Find "Чехол Uprint Apple iPhone 4 Cutie Fox" in the material below, then write out that line and every line after it exactly, ending with the last one; skip the pictures.

■ **STORED DATA**
[Start of Attachment]

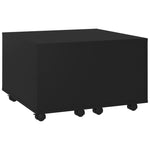 Salongbord Svart 60X60X38 Cm Konstruert Tre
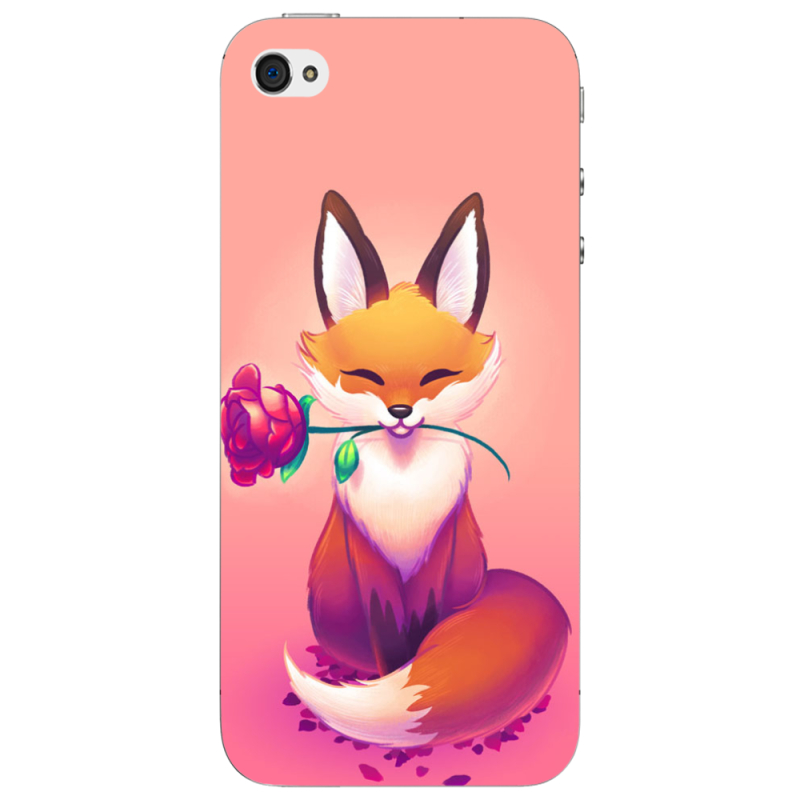 Чехол Uprint Apple iPhone 4 Cutie Fox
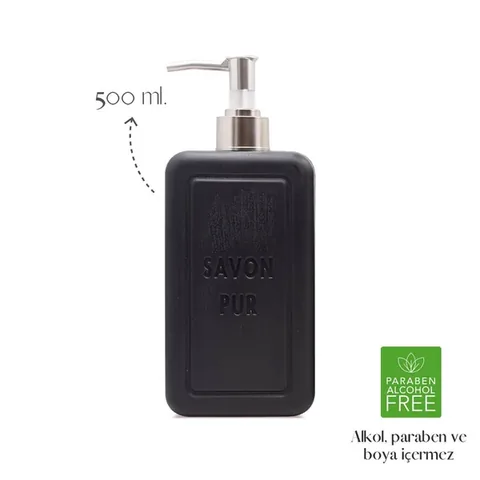 Savon De Royal Liquid Soap Luxury Vegan Pur Black 500 ml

[End of Attachment]

■ **RESULT FOR THIS TASK**
 Чехол Uprint Apple iPhone 4 Cutie Fox
 Savon De Royal Liquid Soap Luxury Vegan Pur Black 500 ml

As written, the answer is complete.